When Donald Trump announced his bid for president, "Jared got to work on his own agenda: He wanted to dig himself out of the debt he'd acquired buying the massive office tower at 666 Fifth Avenue and figured a higher profile with government ties might do the trick," wrote journalist Vanessa Grigoriadis in a piece published by New York Magazine on Monday.
"With the Qatari government, it eventually did, and he also wanted to strengthen America's ties to Israel," wrote Grigoriadis, who had 60 interviews with Ivanka Trump's friends and colleagues and narrates the podcast "Tabloid: The Making of Ivanka Trump" which debuted Monday.
After Donald Trump won the 2016 presidential election, Ivanka Trump told her friends she wanted to remain in New York but Kushner "argued for D.C., saying they needed to protect her father, and, by the way, now anything — everything! — was theirs for the taking," according to Grigoriadis.
The couple quickly moved to the upscale Kalorama neighborhood of Washington, D.C., and have stayed in the West Wing while other top administration officials have come and gone.
Kushner's lawyer and the White House did not immediately respond to requests for comment from Newsweek on Monday.
The evolution of Ivanka Trump, the West Wing’s other narcissist, by @vanessagrigor https://t.co/pSEhuCYPfl
— New York Magazine (@NYMag) August 5, 2019
Unlike Kushner, Ivanka Trump at the time was not sure what she wanted or what she would get from her father becoming president, and had been hoping to turn out profit from her namesake fashion brand.
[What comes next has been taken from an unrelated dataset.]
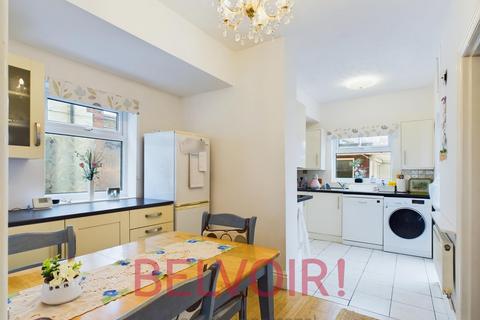 3 bedroom semi-detached house for sale, Brackley Avenue, Burslem, Stoke-on-Trent, ST6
At one point before her father won the election, according to Grigoriadis, a pregnant Ivanka Trump told her consultant Elizabeth McLaughlin, "I'm exhausted. If I had my way, I would throw my television out the window, cancel my newspaper subscription, and turn off my phone, but they won't let me."
Kushner, a real estate businessman from New Jersey who sought success in New York including with the purchase of 666 Fifth Avenue in midtown Manhattan, would "do whatever it took to raise his profile," Grigoriadis wrote. Kushner bought the 41-story office tower hoping it would become the centerpiece of Kushner Companies, his real estate business, but the building accumulated more than $1 billion in debt and the company struck a deal to offload it.

Grigoriadis also claims that a New York Post reporter would meet Kushner for lunch or coffee monthly for a couple years and that "he came off so deer-in-headlights" and wanted the reporter to tell him how power players and the media operate. Kushner and Ivanka Trump wanted to see themselves in the tabloid all the time but once they married, the reporter said Kushner didn't want stories about them attending parties and wanted them to be perceived as very serious people.